[ACTION ITEM]
Leave out every picture and set down, exactly, the lines below from the one holding "IDC T&E Software Market Share Report Cover" up to and including the one holding "Apartmani Ivan Kaštela Chorwacja".

[GIVEN DATA]
· · · · · · ·
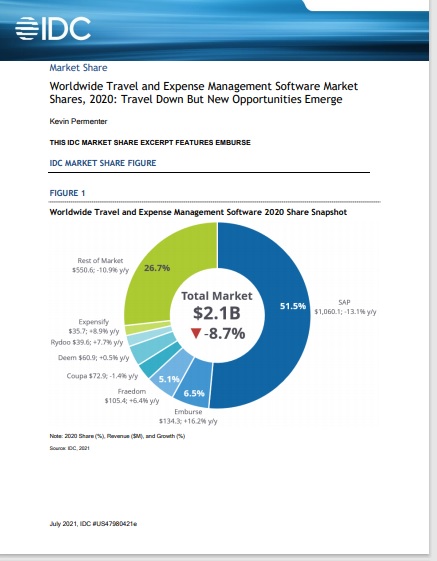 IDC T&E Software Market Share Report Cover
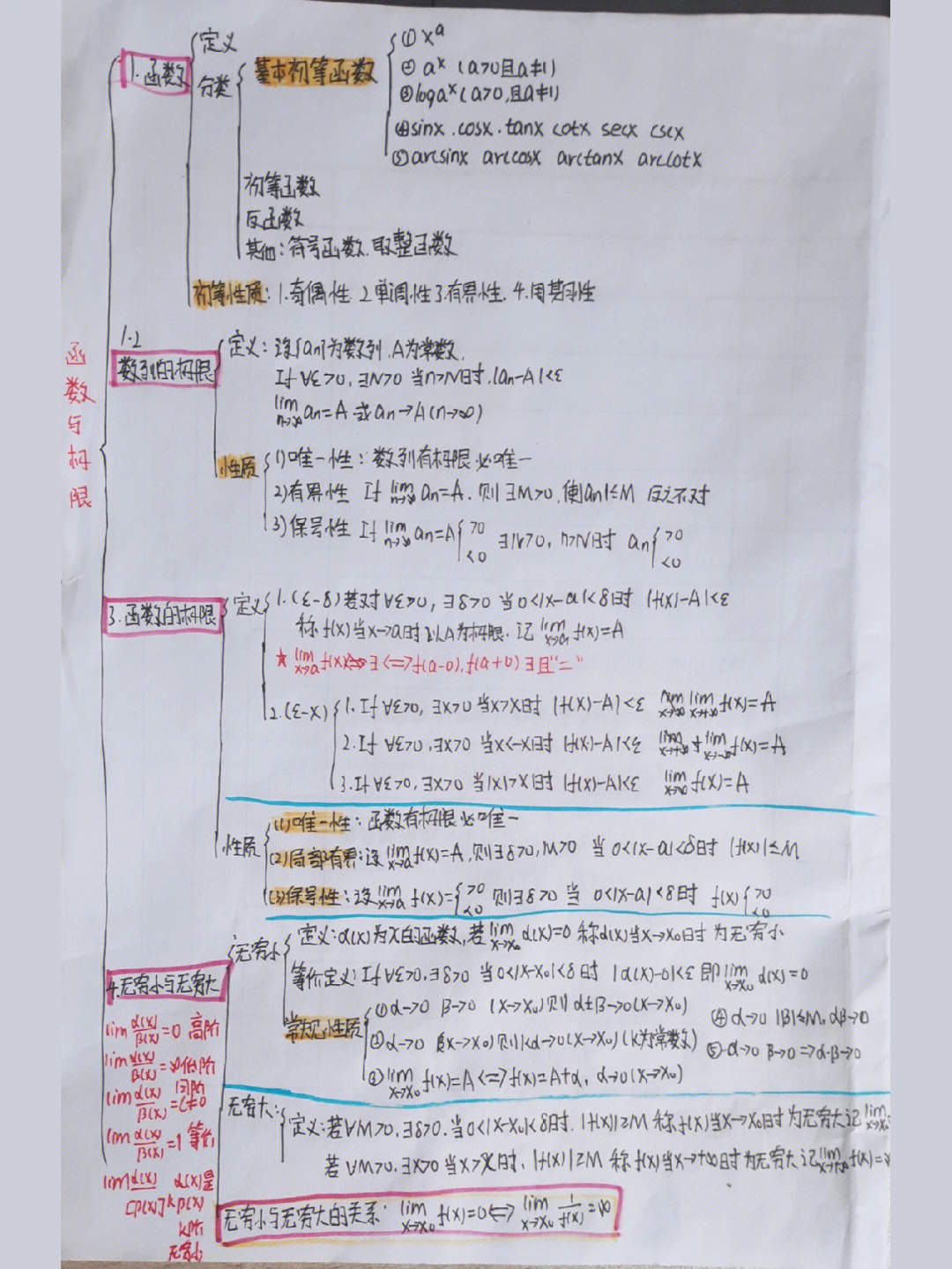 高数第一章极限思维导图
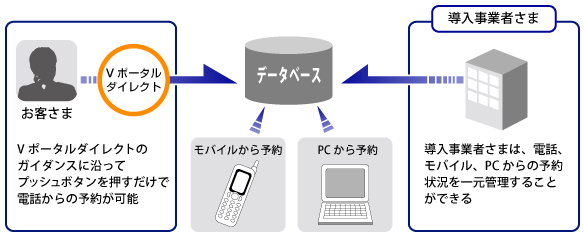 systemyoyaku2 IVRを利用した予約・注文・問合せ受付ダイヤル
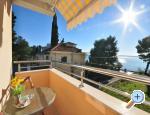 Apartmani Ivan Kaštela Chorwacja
· · · · · · ·
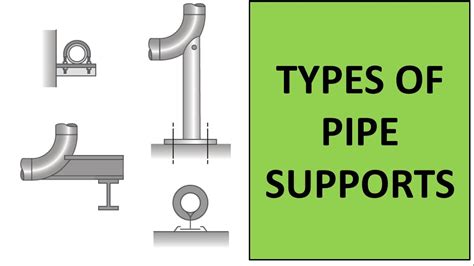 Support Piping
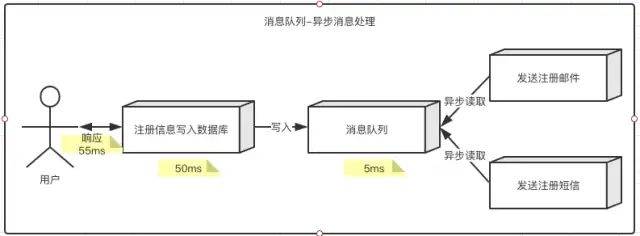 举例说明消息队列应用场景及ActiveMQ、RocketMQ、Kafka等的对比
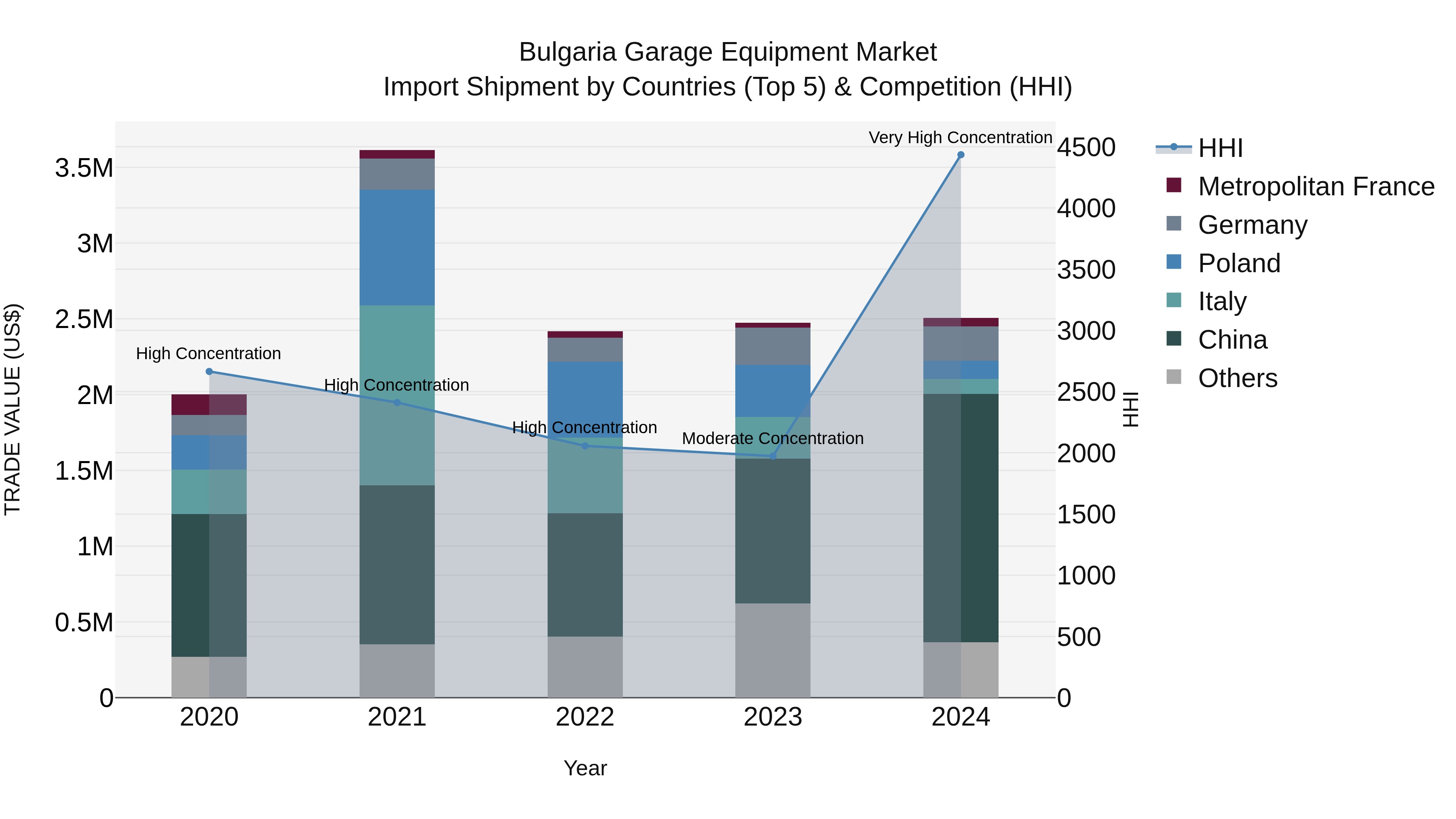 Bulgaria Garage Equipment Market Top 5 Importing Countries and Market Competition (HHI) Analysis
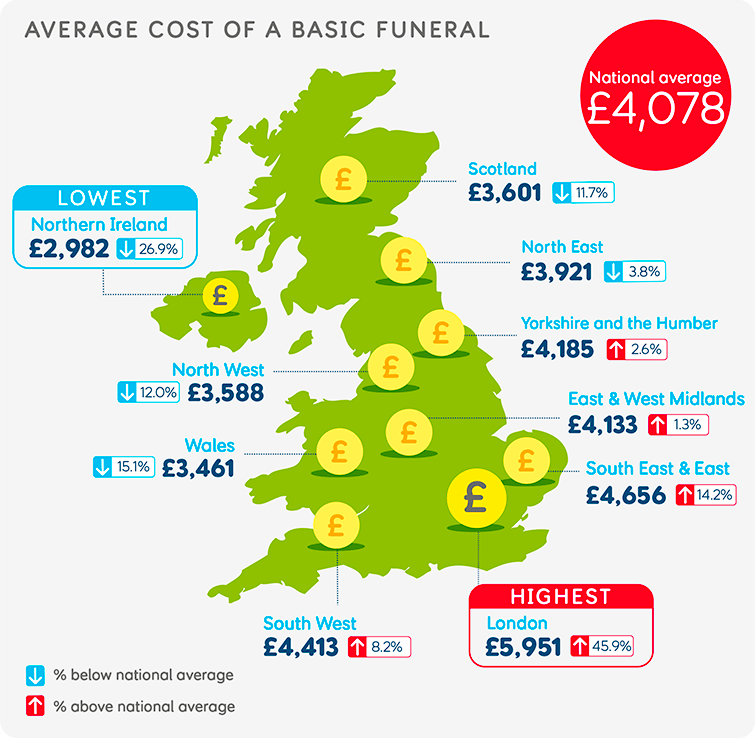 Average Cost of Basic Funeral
· · · · · · ·
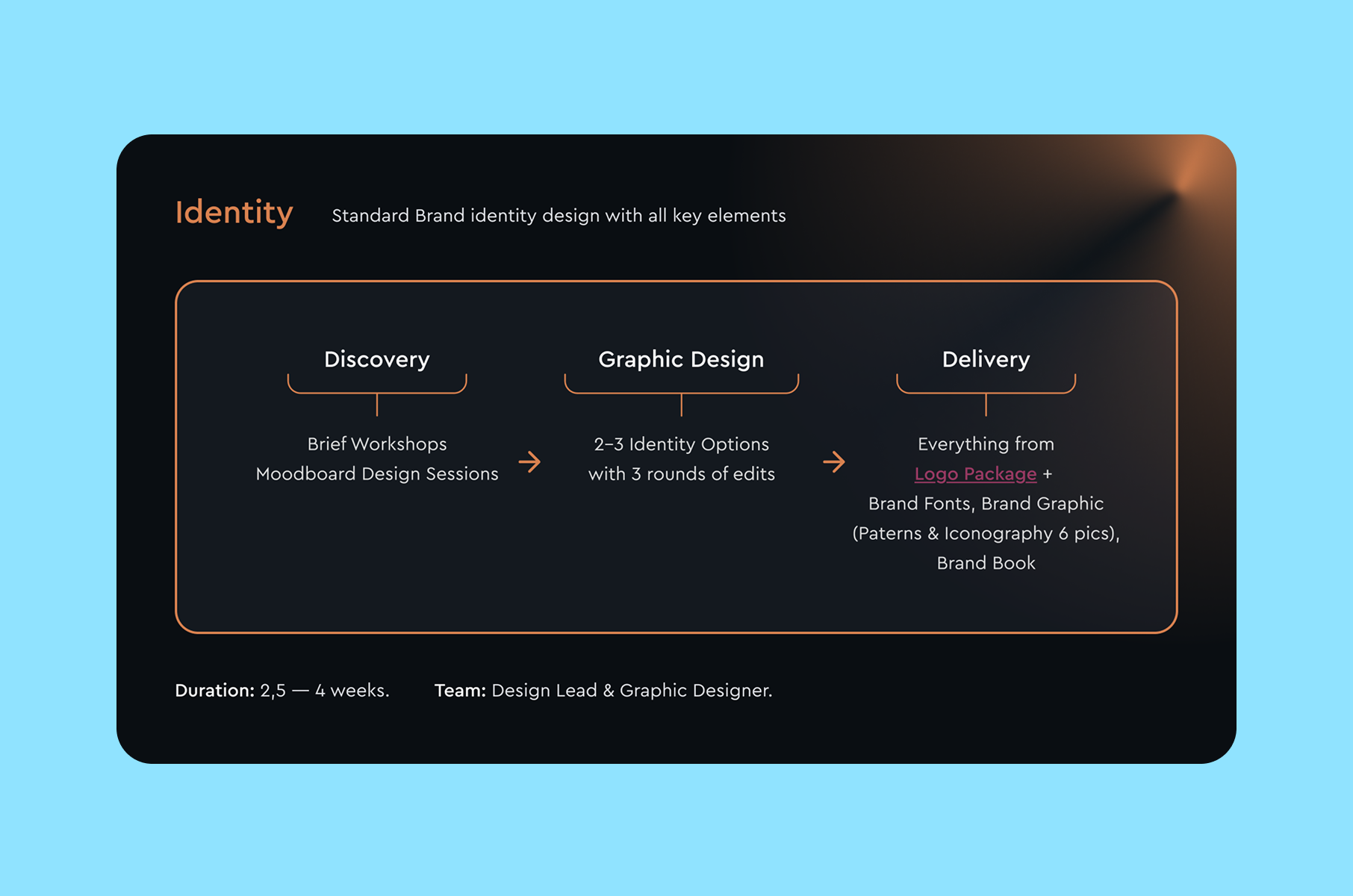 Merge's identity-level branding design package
· · · · · · ·
[RESPONSE FOR THIS EXERCISE]
 IDC T&E Software Market Share Report Cover
 高数第一章极限思维导图
 systemyoyaku2 IVRを利用した予約・注文・問合せ受付ダイヤル
 Apartmani Ivan Kaštela Chorwacja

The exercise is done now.